Die hier versammelten Texte widmen sich dem Verhältnis von Pop und Denken. Spotify ist nicht mehr nur ein riesiger Datenspeicher, in dem unser Musikhören bis in die intimsten Winkel hinein dokumentiert ist, sondern auch eine ständig besser werdende künstliche Intelligenz, die bald selber Musik in die Welt setzen wird. Während Maschinen die Musik immer besser verstehen, verstehen wir Menschen, so scheint es, sie manchmal immer weniger. Jedenfalls gewinnt man diesen Eindruck, wenn man sich mit dem Begriff der Subversion beschäftigt. Das Gegenteil von subversiv ist Schlager – das würden wohl diejenigen sagen, die «alles ausser Schlager» hören. Die oft gehörte Plattitüde will sowohl die Befolgung des Gebots der Offenheit wie auch die soziale Abgrenzung des eigenen Geschmacks gegen unten signalisieren. Was in solchen Antworten auch gerne ausgeschlossen wird: Heavy Metal. Nicht nur das motiviert die ForscherInnen Anna-Katharina Höpflinger und Jörg Scheller, sich mit dieser Musik und ihrer Kultur zu befassen. Was beide an Metal am meisten zu reizen scheint, ist sein intimes  Verhältnis zur Religion, ob als Kritik oder gleich als Ersatz derselben. Zwei Songs, die in Deutschland gerade zu reden geben, wollen das Gegenteil von Religion sein: Kritik. Das Rapduo Zugezogen Maskulin lässt die Gitarrenpopband Kettcar in dieser Disziplin alt aussehen.
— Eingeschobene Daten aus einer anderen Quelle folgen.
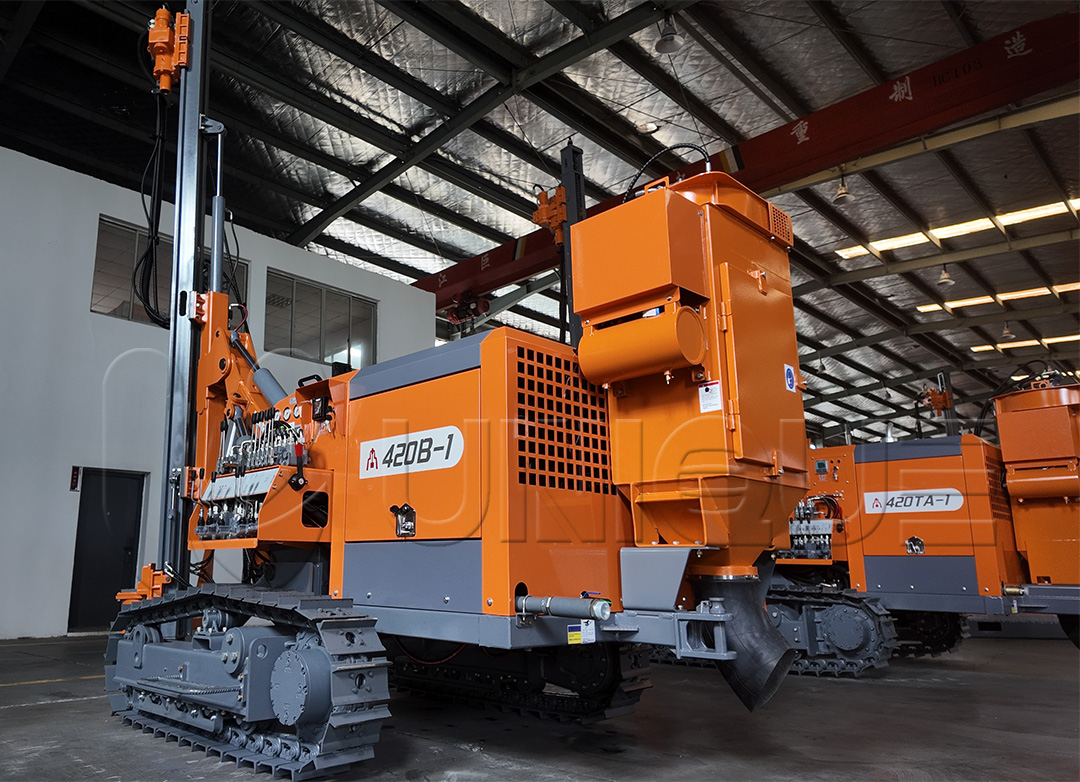Integrated vs. Split-Mount DTH Blast Drilling Rigs: How to Choose? Spilt DTH drilling rig 1 - Integrated vs. Split-Mount DTH Blast Drilling Rigs: How to Choose?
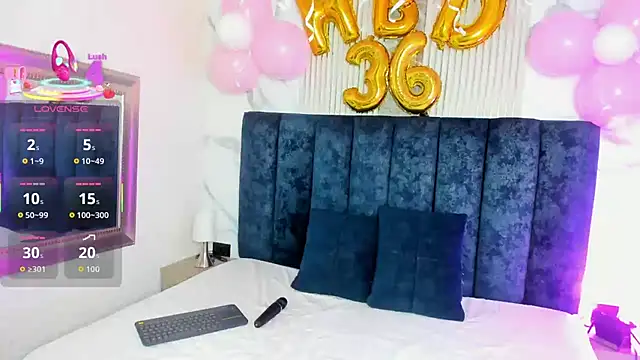 MarScarlett online show from January 17, 2026, 12:42 pm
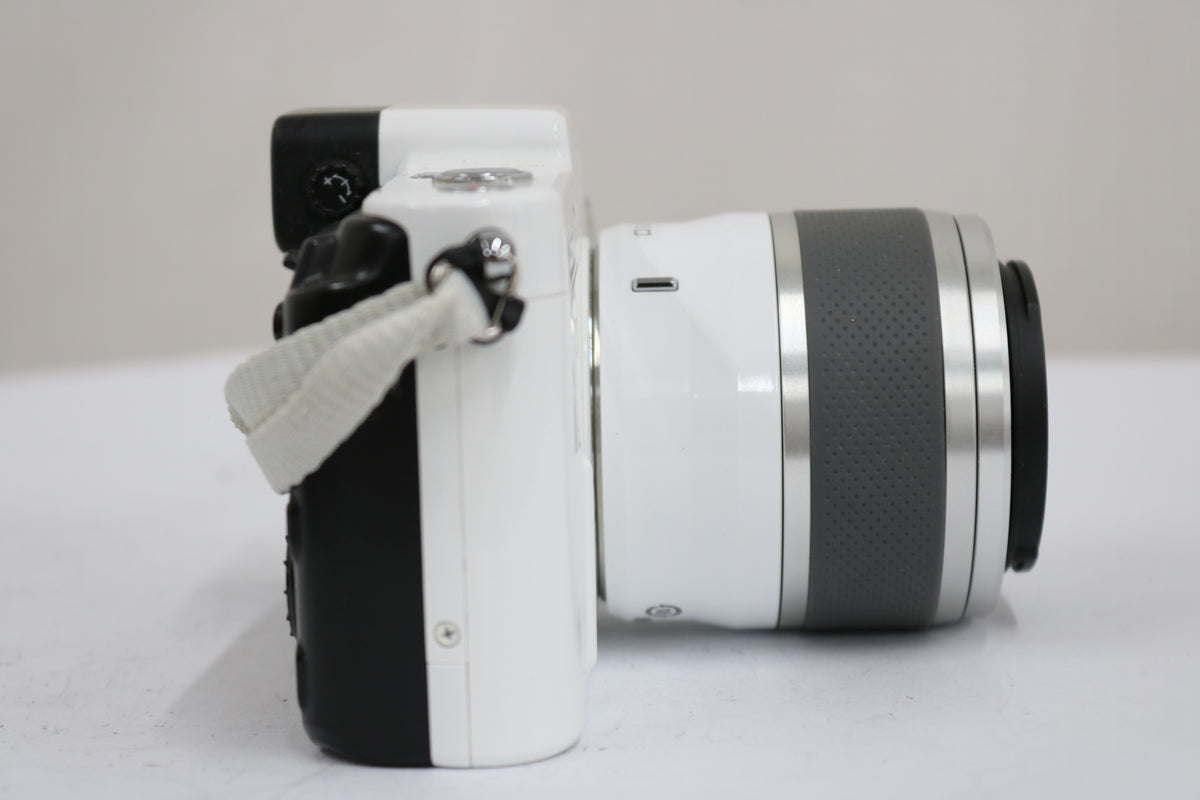 【シャッター6913回】ニコン Nikon 1 V1 ホワイト 1 NIKKOR 30-110mm F3.8-5.6 VR ミラーレス一眼 3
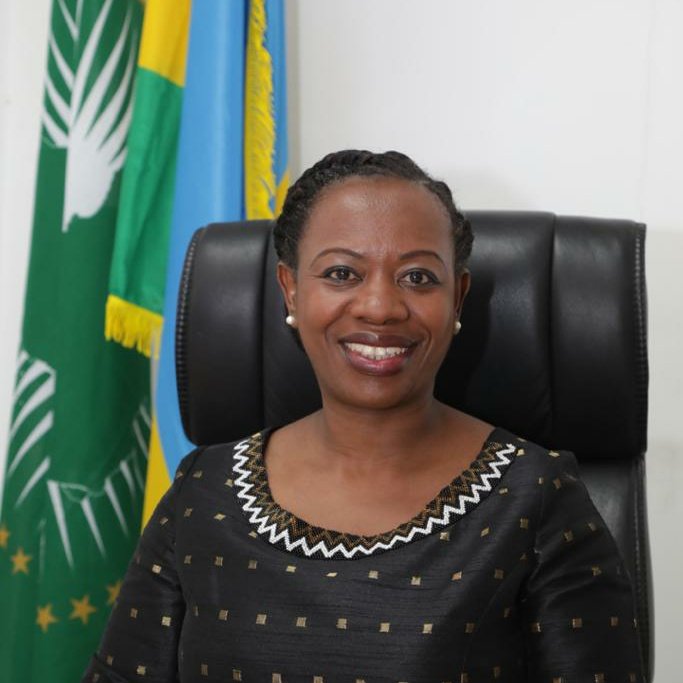 Congratulations to Rwanda’s candidate, @mnsanzabaganwa on her election as Deputy Chairperson of the African Union Commission, elected by 42 votes out of 55 member states. #AUsummit2021 #AU #TheAfricaWeWant #RwOT pic.twitter.com/2y3UMMdQtZ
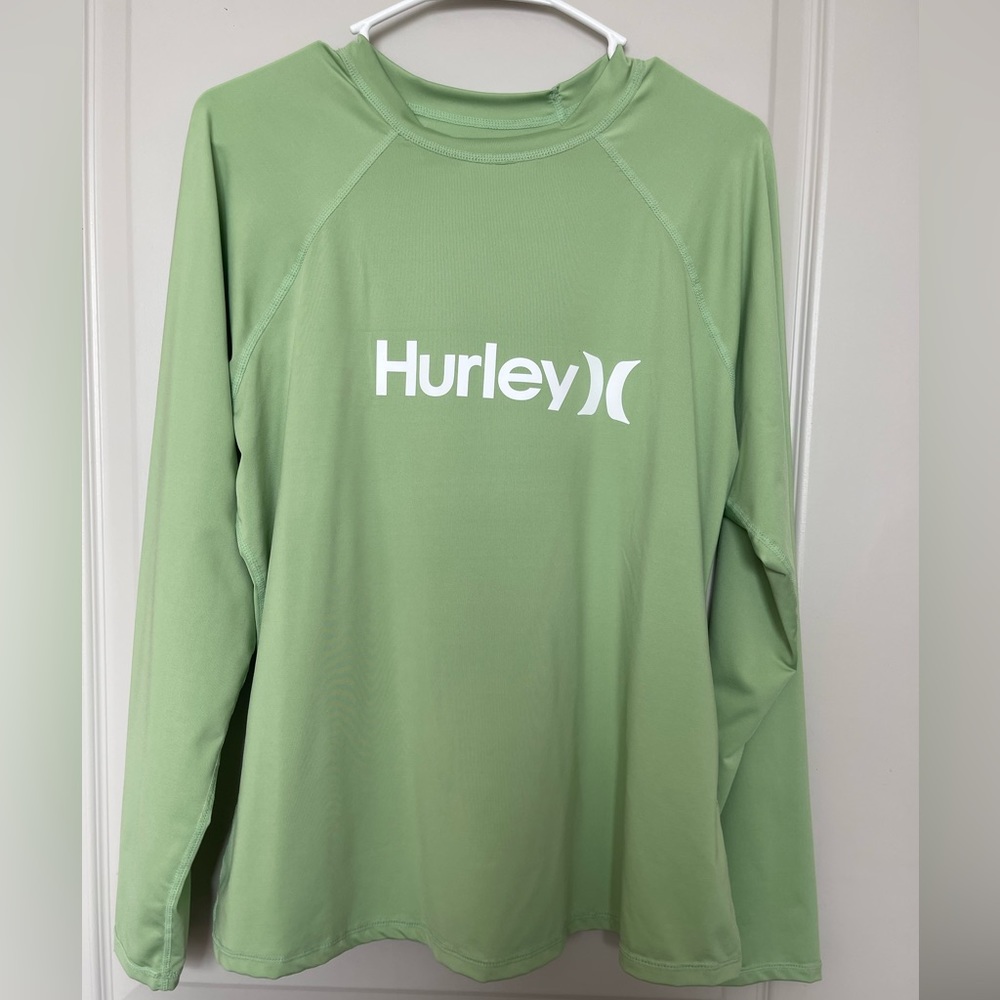 Woman Hurley rash guard swimwear long sleeve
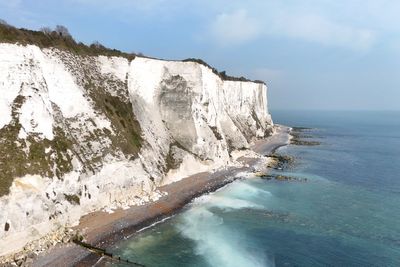 Teenager charged with piloting small boat from France to UK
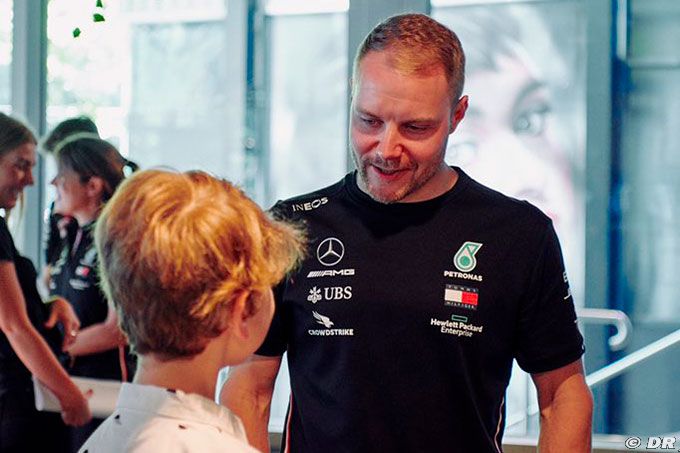 Bottas et Albon espèrent que le GP (…)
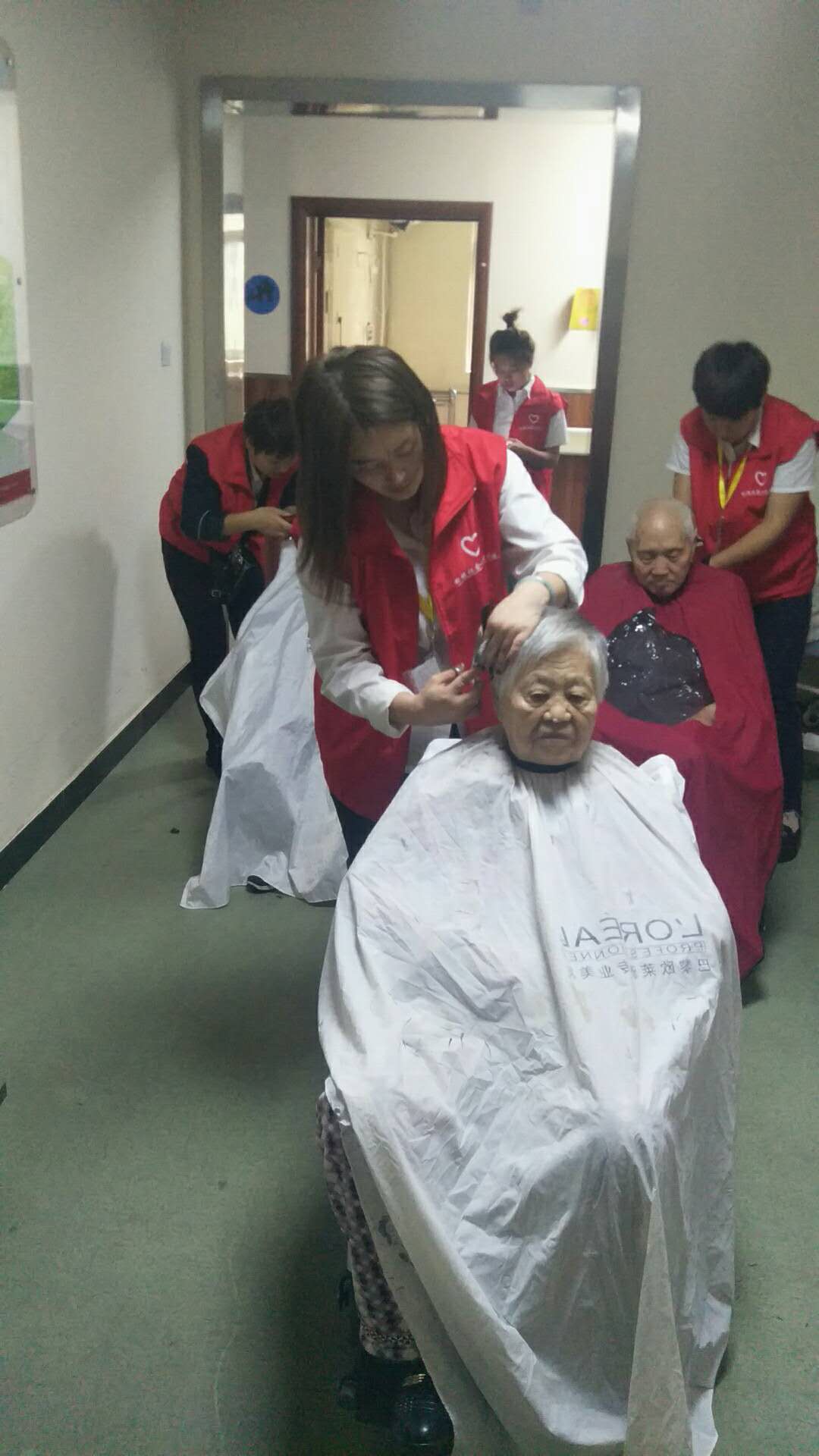 走进敬老院  义务献爱心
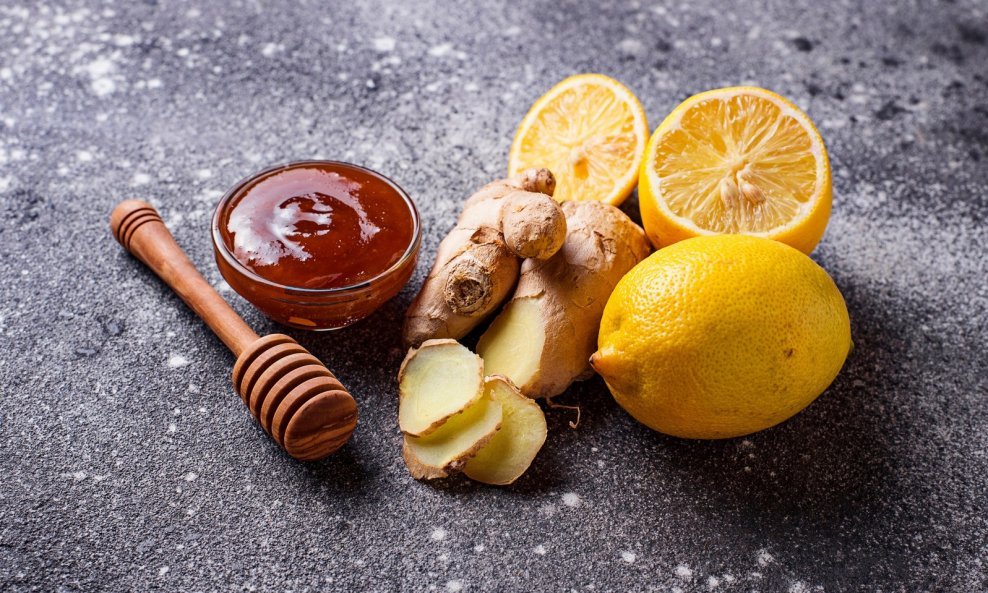 Jesu li med, đumbir i limun doista uspješni u liječenju sezonskih bolesti respiratornih sustava?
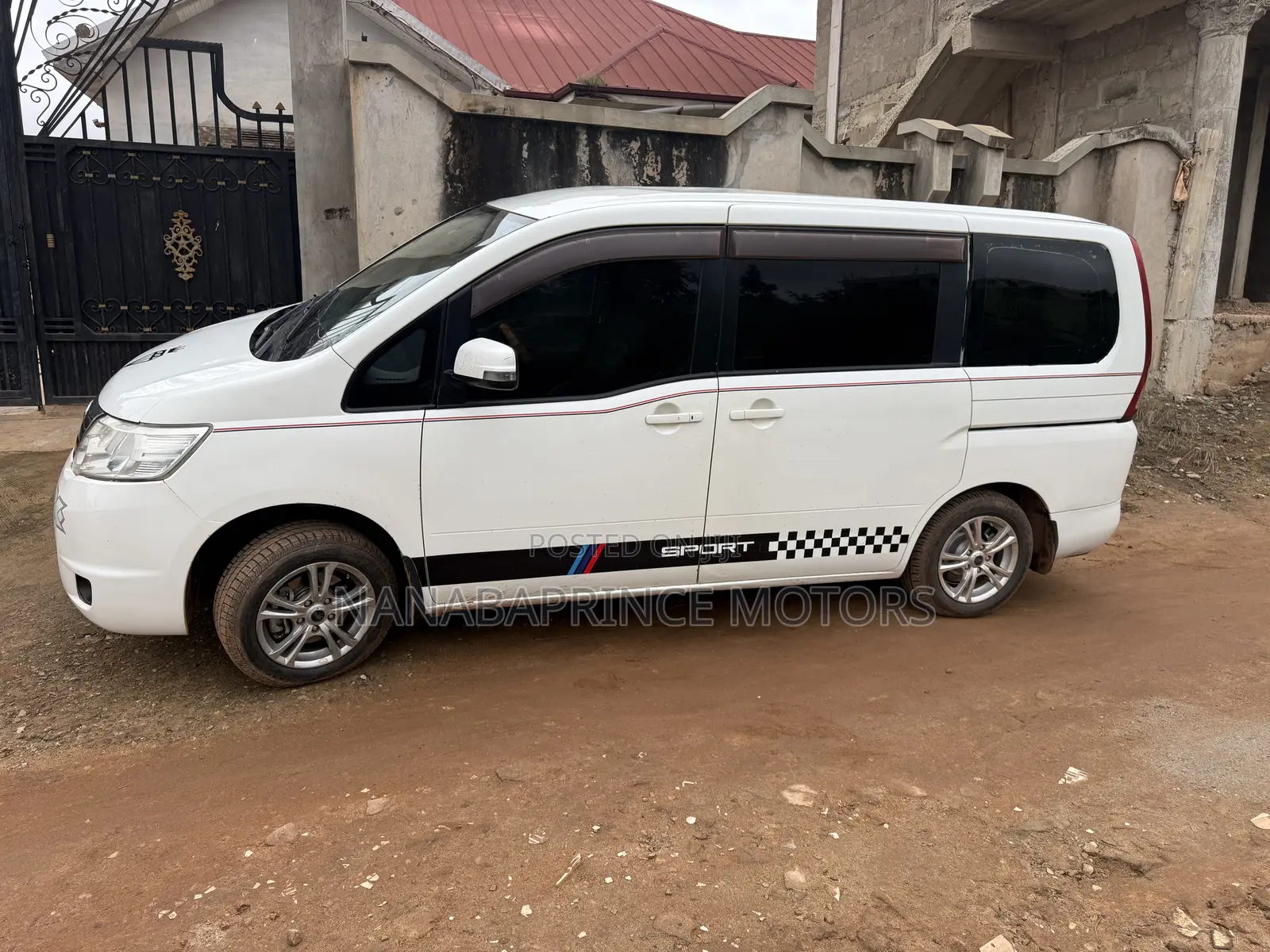 Nissan Serena 2012 White
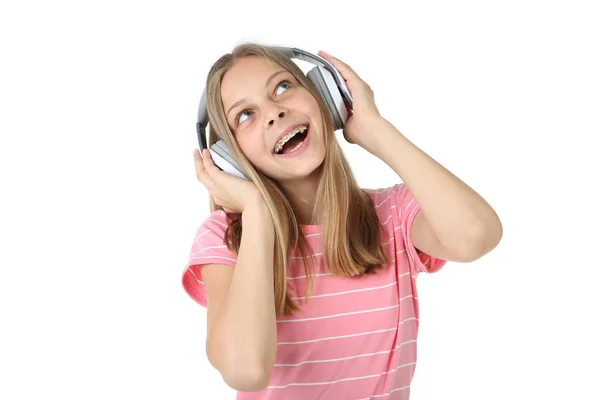 Chica Joven Con Auriculares Sobre Fondo Blanco — Foto de Stock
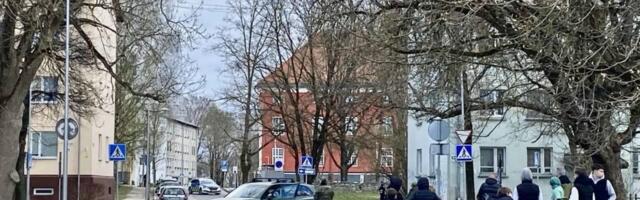 Ärevus Narvas: nähti relvastatud isikut, tänavad suleti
Aber lohnt es sich überhaupt, über Mainstream-Pop so viel nachzudenken? Was findet man darin? Lauter Insassen, sagt der Musiker Father John Misty, der schon an Songs von Lady Gaga und Beyoncé mitgeschrieben hat. In einem Interview mit dem Onlinemagazin «Pitchfork» sagte er: «Wenn Sie denken, dass Popstars irgendetwas anderes als Gefangene sind, dann verarschen Sie sich selber. Ich kenne sie. In ihrer Musik schreien sie um Hilfe.» Wir haben die Illustrationen in dieser Beilage, auf denen einige der wichtigsten Popstars unserer Zeit in schillernden Collagen dargestellt sind, mit grossen Worten aus klugen Texten kombiniert. Tiefgang oder Schaum?